Trotz Kritik: Merz drückt bei russischem Vermögen aufs Tempo
Autor: dpa
, Donnerstag, 02. Oktober 2025
Der Kanzler drängelt, andere in der EU bremsen. Was wird aus der Idee, in der eingefrorenes russisches Vermögen für die Aufrüstung der Ukraine zu nutzen?
Bundeskanzler Friedrich Merz erwartet trotz der Bedenken wichtiger EU-Staaten eine schnelle Entscheidung über die Nutzung des eingefrorenen russischen Vermögens für die Ukraine. «Putin sollte unsere Entschlossenheit nicht unterschätzen», sagte der CDU-Vorsitzende nach dem Europa-Gipfel in Kopenhagen. «Wir werden das jetzt sorgfältig prüfen und es wird in drei Wochen auf dem nächsten Europäischen Rat, aller Voraussicht nach, dazu eine konkrete Entscheidung geben.»
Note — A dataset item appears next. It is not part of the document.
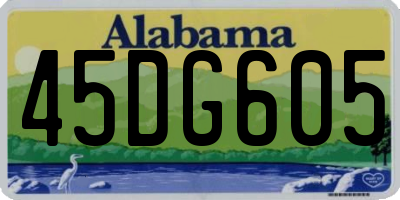 AL license plate 45DG605
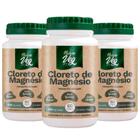 Kit 3 Cloreto De Magnésio (Produto Vegano) 60 Cápsulas 550mg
Merz hatte vergangene Woche vorgeschlagen, das Vermögen der russischen Zentralbank für Kredite in Höhe von 140 Milliarden Euro zu nutzen, um die Ukraine für den weiteren Abwehrkampf gegen die russischen Angreifer aufzurüsten. Dagegen gibt es aber massive Bedenken vor allem in Belgien, wo der größte Teil des Gelds lagert.
Merz: «Ich werde jeden Weg unterstützen»
Merz sagte, er verlasse den Gipfel trotzdem «mit dem sicheren Gefühl, dass es eine sehr große Übereinstimmung in der Europäischen Union und auch in der Europäischen Politischen Gemeinschaft gibt», die russischen Vermögenswerte für die Ukraine-Hilfe zu nutzen. «Ich werde jeden Weg unterstützen, der es ermöglicht, russische Vermögenswerte zu nutzen, um der Ukraine weiter zu helfen und dafür zu sorgen, dass dieser Krieg möglichst bald zu einem Ende kommt.»
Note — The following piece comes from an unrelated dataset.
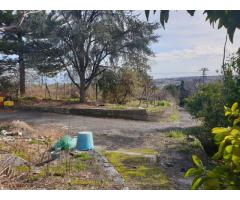 Tenuta agricola di 30 mila mq con tanti fabbricati e molto panorama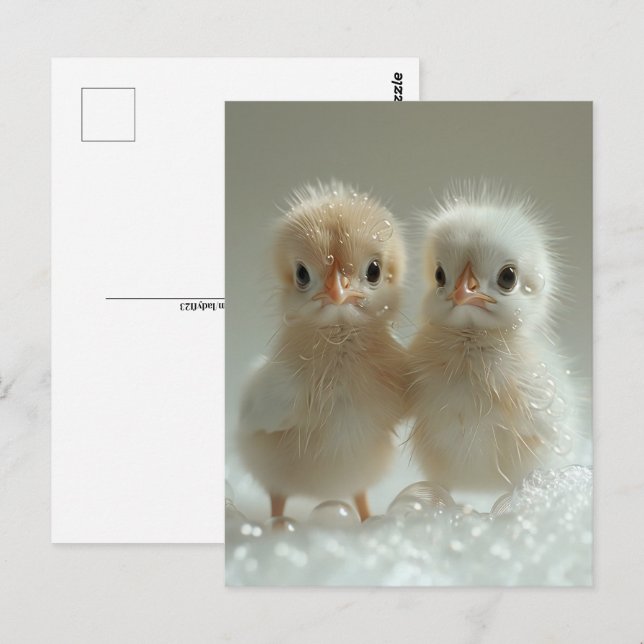 Carte Postale Bébés de paon blanc, Post-croisement (Devant / Derrière)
Woher Merz‘ Optimismus auf eine schnelle Einigung rührt, blieb unklar. So machten mehrere EU-Beamte unmittelbar nach der Abreise des Kanzlers vom Gipfel deutlich, dass bei dem Spitzentreffen in drei Wochen wohl höchstens vereinbart werden könne, den Vorschlag weiterzuverfolgen. Die EU-Kommission könnte demnach im Anschluss einen konkreten Vorschlag vorlegen, der dann wiederum von den Regierungen der Mitgliedstaaten diskutiert werden müsste.
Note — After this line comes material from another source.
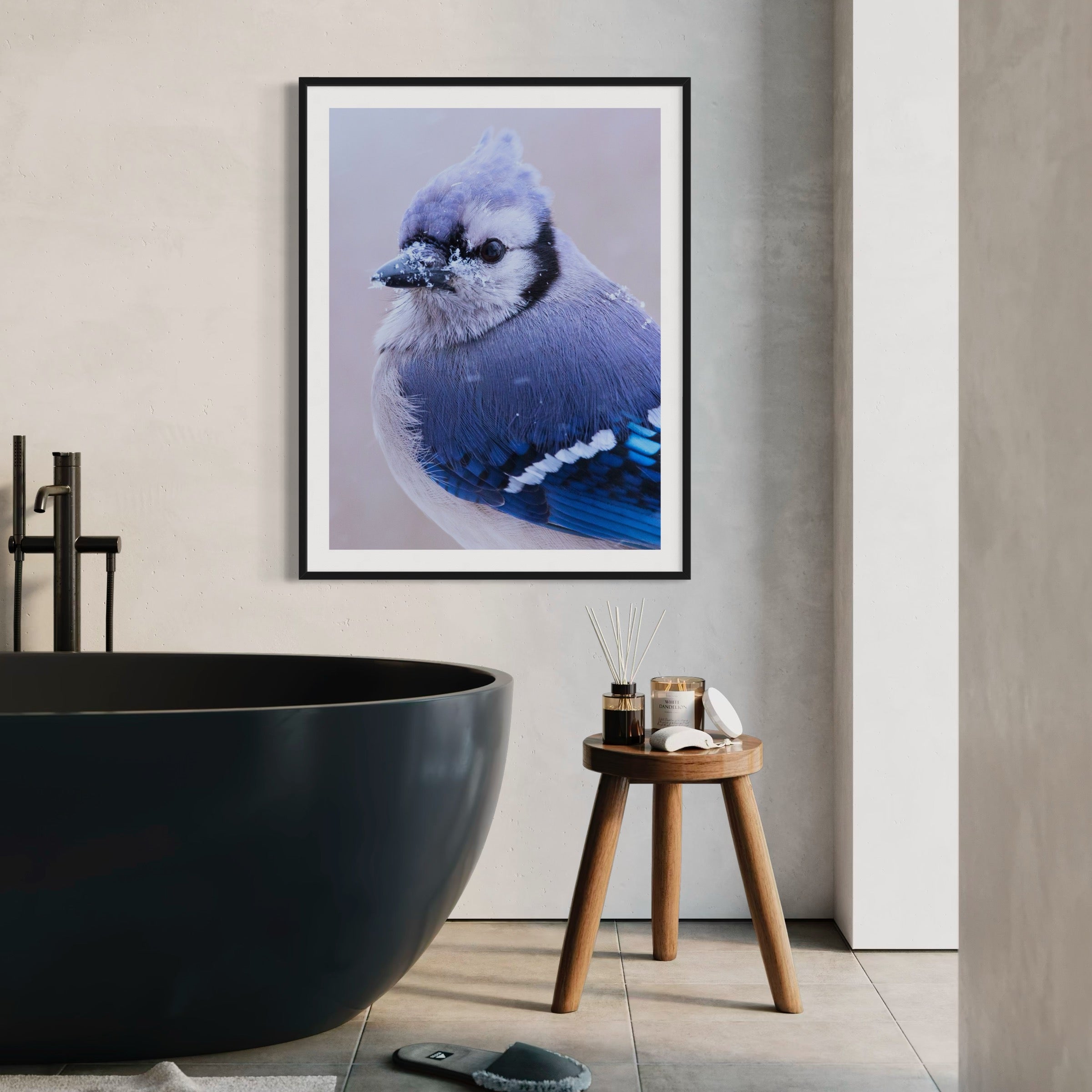 Blue Jay in Snowfall - Moderno Wall Art Wall Art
De Wever bietet Merz die Stirn: «Das ist sehr, sehr riskant»
Der belgische Premierminister Bart De Wever brachte sich beim Gipfel als direkter Gegenspieler des Kanzlers in Stellung. Er warf den Unterstützern des Projekts vor, die Gefahren sträflich zu vernachlässigen und keine Antworten auf offene Fragen zu haben. Man begebe sich in unbekannte Gewässer. «Das ist sehr, sehr riskant», sagte er.
Neben der Gefahr einer Enteignung von Vermögenswerten europäischer Unternehmen in Russland nannte De Wever dabei auch die Möglichkeit, dass es Anschlagsversuche gegen den Chef des belgischen Finanzinstituts Euroclear geben könnte.
«Ich höre bereits aus Moskau: Wenn ihr mein Geld antastet, werdet ihr die Folgen bis in alle Ewigkeit spüren», sagte De Wever. Nach seinem Verständnis heiße das auf Russisch auch: «Wir könnten euch in die Ewigkeit schicken.» Der Direktor von Euroclear stehe bereits unter engem Personenschutz.